An orgy of mutual disgust now greets every mass shooting in America. Liberals despise conservatives who, they predict, will offer only insipid "thoughts and prayers" in the face of what they conceive to be preventable massacres. Conservatives scorn liberals who, they believe, will propose "feel-good" gun measures that would have no effect on any mass shooting.
But there is something that we can try to prevent these horrific killings. It doesn't require legislation. It won't cost a penny. It doesn't require compromising anyone's gun rights, and it's more concrete than "see something, say something."
First, the scale of the problem. While overall gun deaths have been declining in recent years, mass shootings have been increasing. According to the Harvard Injury Control Research Center, the number of days separating mass shootings declined from an average of 200 between 1983 and 2011 to 64 between 2011 and 2014. The five deadliest mass shootings in U.S. history have occurred in the past 11 years. These shocking attacks have become so common that their locations and dates blur -- Sutherland Springs, Blacksburg, Sandy Hook, Las Vegas, Orlando, Binghamton, Aurora, Dallas, Washington Navy Yard. The randomness of these massacres, and their quotidian locations -- schools, movie theaters, concerts -- amplify the horror.
Every possible cause is considered to explain the epidemic of cinematic violence: the overabundance of guns, violent video games and films, family decline, the waning influence of churches, inadequate mental health policies. Perhaps all of these contribute, and all require long-term social reforms.
But then there is this insight: Mass killings, like viruses, seem to be contagious. It isn't news that behaviors are catching. Sociologists have long known that suicide, for example, prompts imitators, especially among the young. Researchers at Arizona State University have studied mass murders (particularly school shootings) and found that each new episode does inspire copycats.

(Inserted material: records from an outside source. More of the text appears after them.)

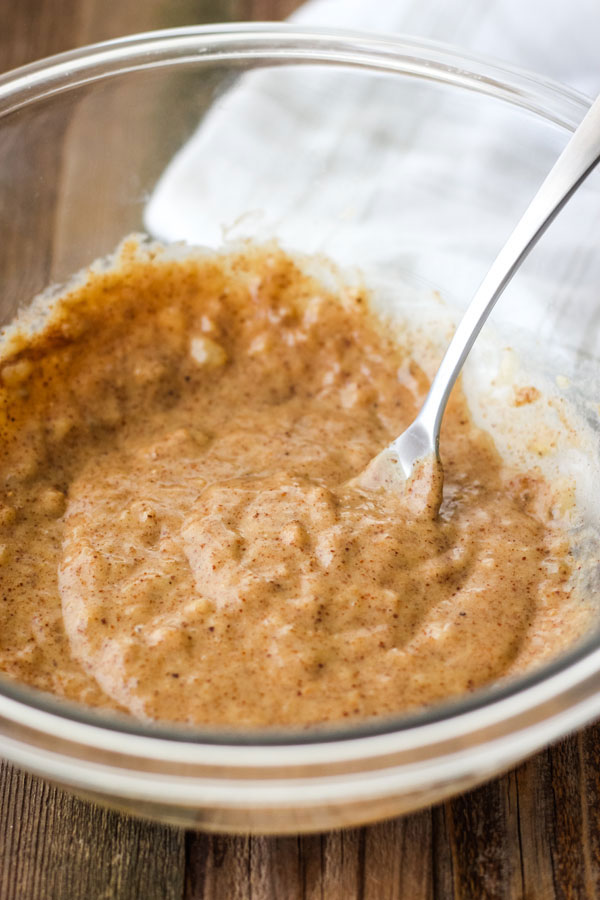 Mashed banana and almond butter in a glass bowl with a fork.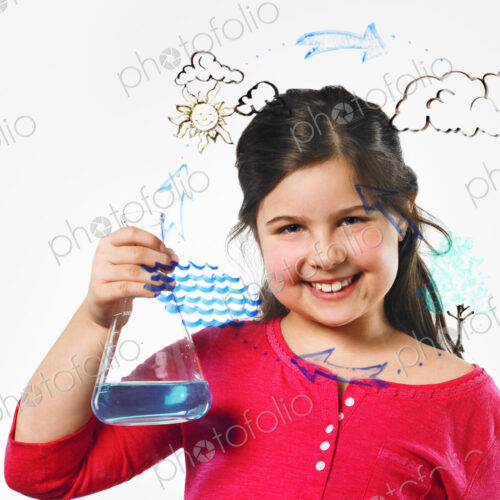 A young girl holding a conical flask of blue liquid in front of an evaporation cycle… A young girl holding a conical flask of blue liquid in front of an evaporation cycle…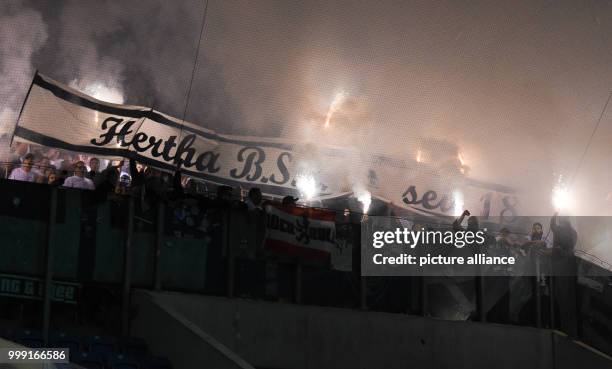 Berlin supporters lighting fireworks during the DFB Cup match pitting Hansa Rostock vs Hertha BSC at the Ostsee Stadium in Rostock, Germany, 14...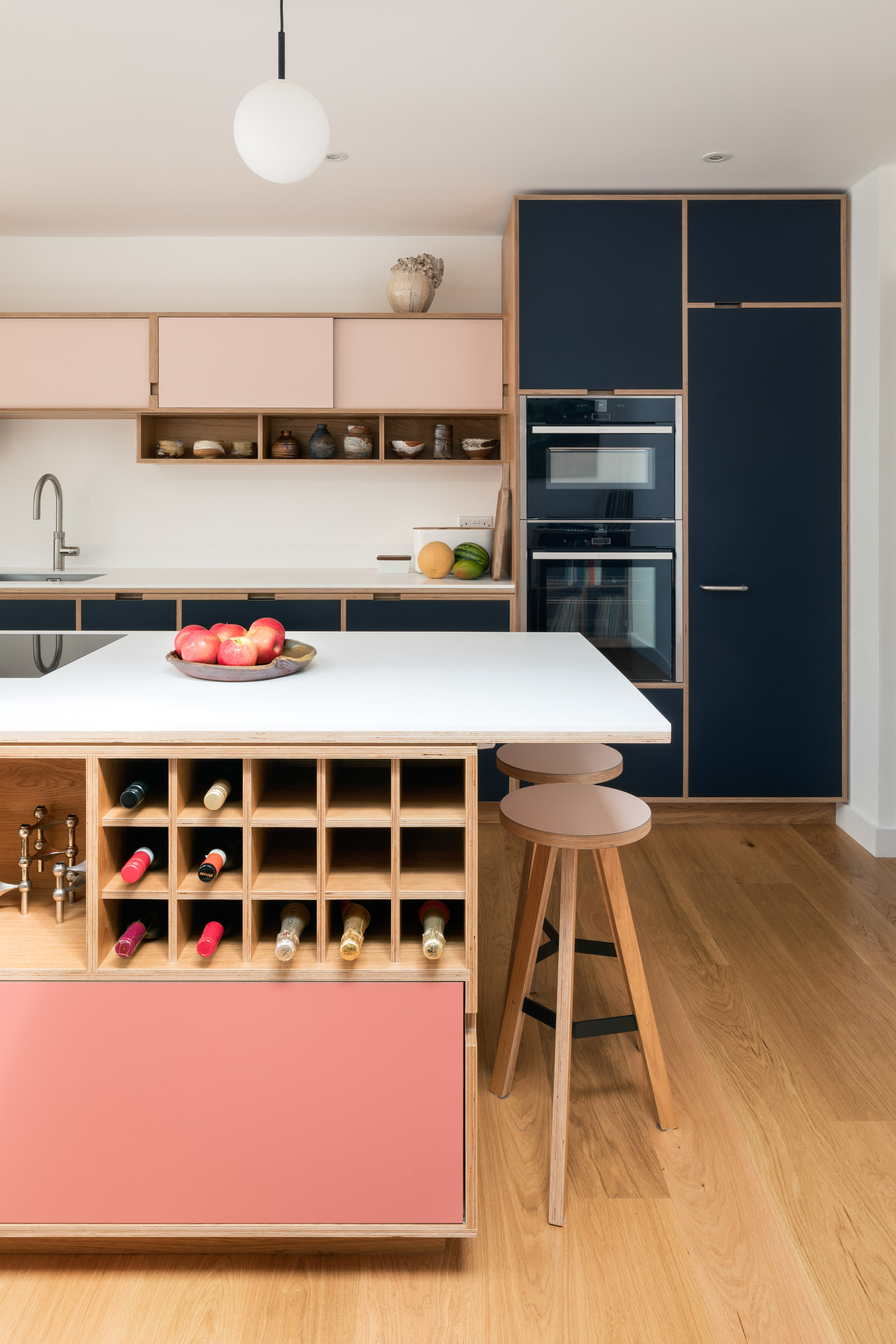 Pink and midnight blue plywood kitchen island with integrated wine rack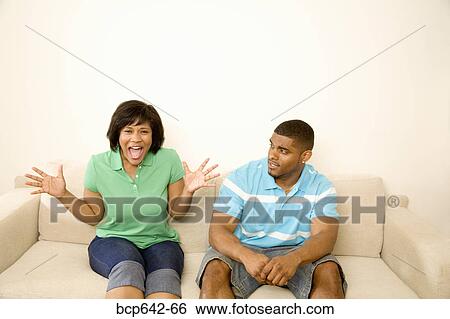 Stock Photograph - Couple arguing on a couch. Fotosearch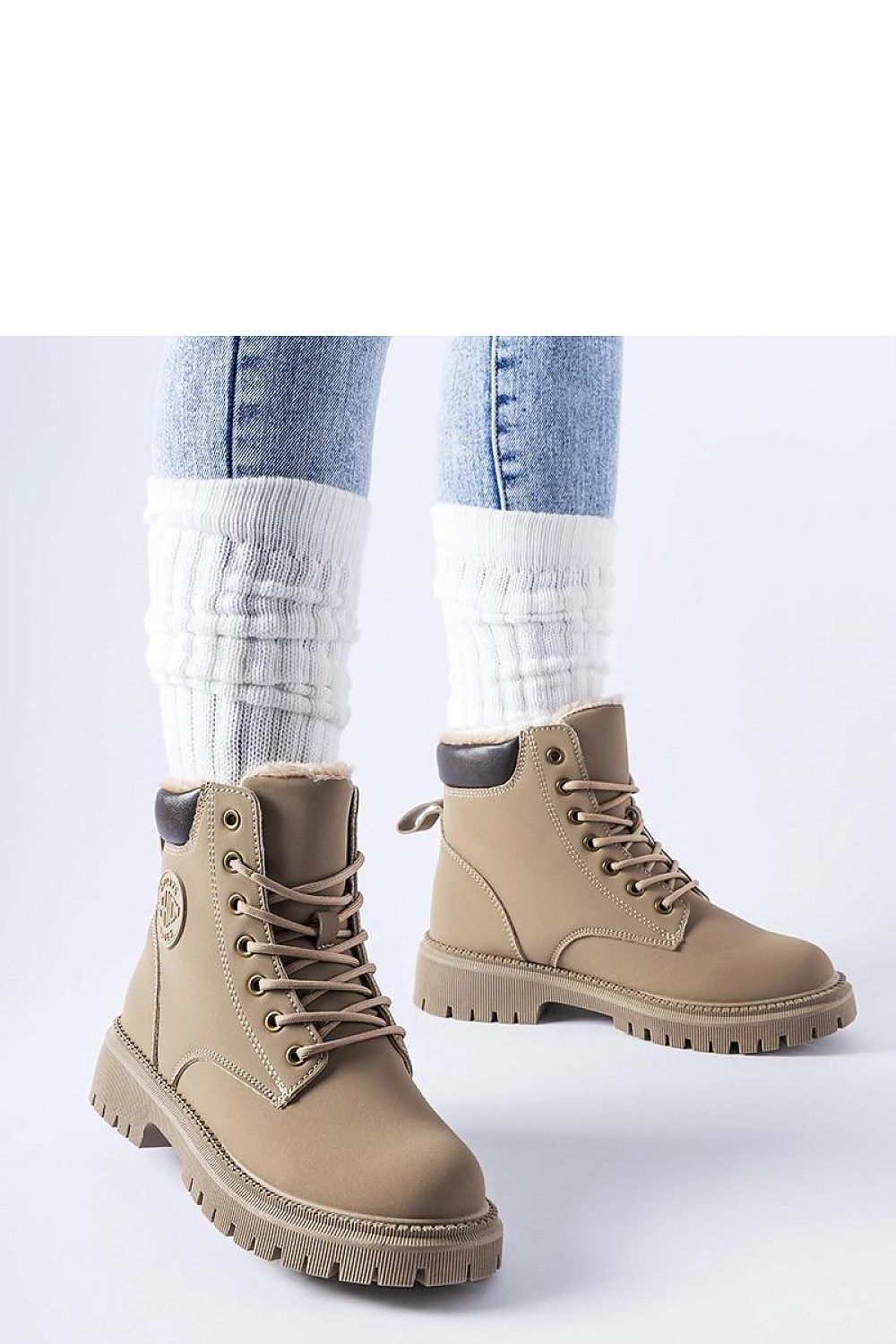 Elegant brown insulated Medole winter boots by Solea displayed on a stylish background, showcasing the modern laced design and round toe for fashionable comfort.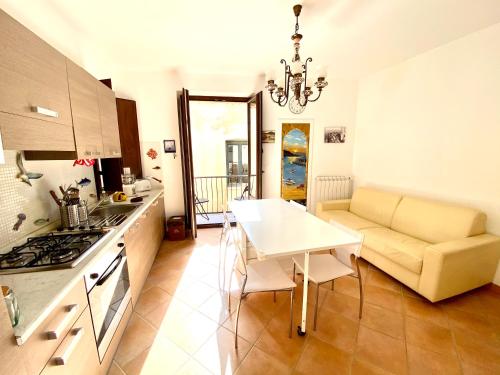 eine Küche und ein Wohnzimmer mit einem Tisch und einem Sofa in der Unterkunft Casa Marzia by Housilia in Cefalú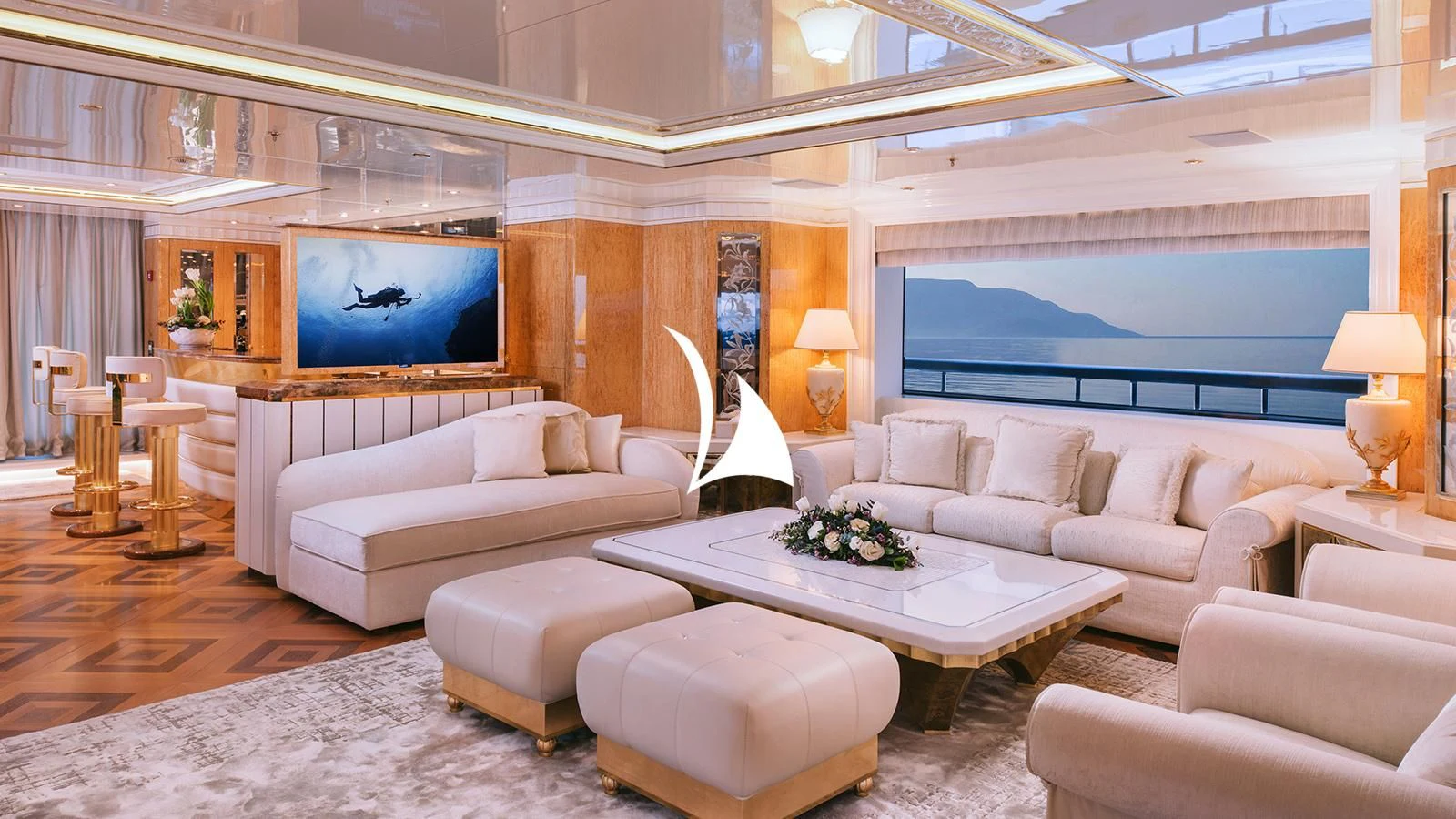 a living room with a large screen aboard AELIA Yacht for Sale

We also know that some of the mass shooters have expressed fascination with their predecessors. The Oregon shooter, for example, had written of another: "A man who was known by no one, is now known by everyone. ... Seems the more people you kill, the more you're in the limelight."
The second Fort Hood shooter, weirdly enough, seemed to decry the attention paid to killers. He posted on Facebook: "These bastards have perfected their way of attacking by studying previous massacres to gain publicity and their minute of fame as a villain." He then went on to commit a mass shooting himself. An Everett, Washington, man was arrested on Wednesday after his grandparents reported to police that he was "learning from past shooters."
The sick desire for fame -- even when purchased through atrocity -- seems to be at work in many of these cases. Would denying them the attention they seek diminish the attraction?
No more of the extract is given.